Columbus possesses a gifted playmaker in Federico Higuain, a ground-covering midfielder in Artur and a trio of U.S. internationals in goalkeeper Zack Steffen, midfielder Wil Trapp and forward Gyasi Zardes. The team also recently acquired winger Robinho Barbosa, adding some speed to an area where Porter said he wanted more attacking diversity.
Yet Steffen is already set to join Manchester City this summer, and there has been interest from European clubs for Trapp and Zardes. When asked about those developments, Bezbatchenko trots out the standard line: The Crew will listen to offers if they come, but there are no plans to sell either Trapp or Zardes at the present time. Trapp, with a Greek passport now in his possession, remains with the Crew for now, but interest figures to heat up as the summer months approach.
Of course, Columbus would have to agree to any transfer, which will take some doing.
"Based on some of the offers I've received in the past [while in Toronto], it just seems to be a new world order in terms of what our ownership will take," said Bezbatchenko. "And the replacement costs for us, they're fairly high.
"If we're going to look for a player on the international market and you're taking a risk on a player that's never been in the U.S. or Canada, you really have to think about these things. Maybe a few years ago you'd be more willing to sell."
In Porter, Columbus does have a manager who has proven himself flexible in terms of style. In Portland, he started off with a heavy emphasis on possession; later, he went more counterattacking when his available personnel dictated it. During his last year with the Timbers in 2017, he rode the brilliance of Diego Valeri to a conference-high 60 goals.
Porter counts himself an admirer of both Atlanta United and Sporting Kansas City due to the fact that they can beat you in a variety of ways, something he's aiming to replicate in Columbus.
"I think what you'll see out of this team is we'll definitely be a team that keeps the ball. We definitely will be a team that looks to dictate games with the ball," he said. "But we'll also be a team that will push our lines high and press at times, and counterpress. We'll be a team that certainly plays in transition, whether that's winning the ball high up the pitch. But we'll be a team that scores goals. We'll be a team that plays in an effective and exciting attack-oriented way, and hopefully an effective way that wins games."

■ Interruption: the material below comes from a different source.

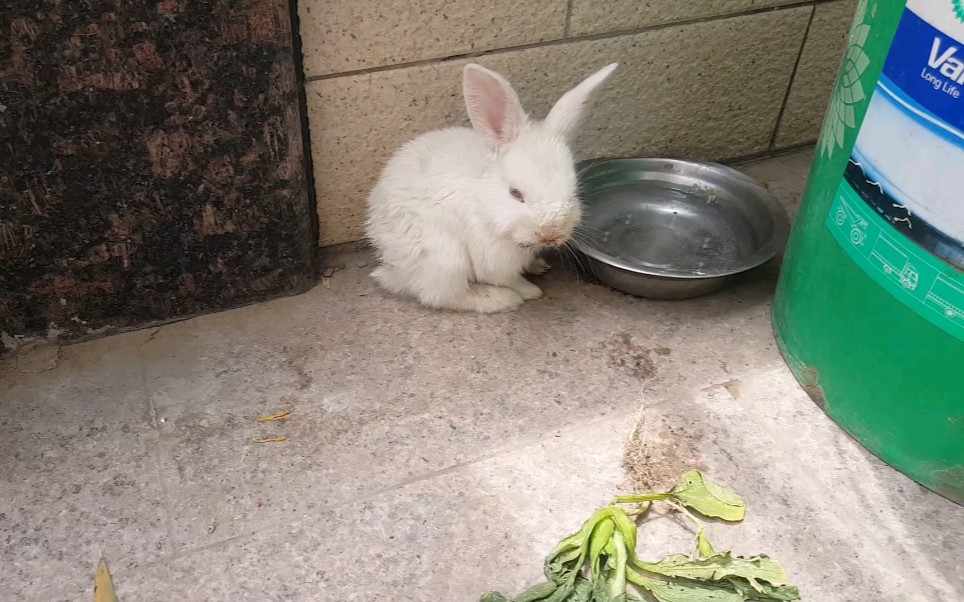 活动作品流浪兔有人遗弃了一只兔子在我家门口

Bezbatchenko has the added challenge of overseeing the business side of the Crew's operations, an expansion from his duties from when he was in Toronto. There is a new stadium to point toward in terms of building the fanbase and increasing the revenue streams that come with such an opportunity. Therefore, it also means rebuilding the business wing of the organization, some of whom relocated to join the new team in Austin. He added that he wants to work with the Columbus Partnership -- an association of Columbus businesses that helped lead the effort to keep the team in Ohio -- to get more fans in the stadium.

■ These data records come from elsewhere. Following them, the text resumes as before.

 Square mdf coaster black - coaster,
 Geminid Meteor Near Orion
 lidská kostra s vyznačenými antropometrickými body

"I think there's a lot of goodwill in the community with the Crew. I think a lot of people have good feelings toward it," he said. "So, I don't think anything needs to be repaired, because this ownership group or the executive team weren't the cause of any so-called damage. I would say healing together, and just getting past all this and just thinking about the future and getting excited about the potential of this club."
Given the support the community has shown for the Crew over the past 15 months, there's plenty to be excited about.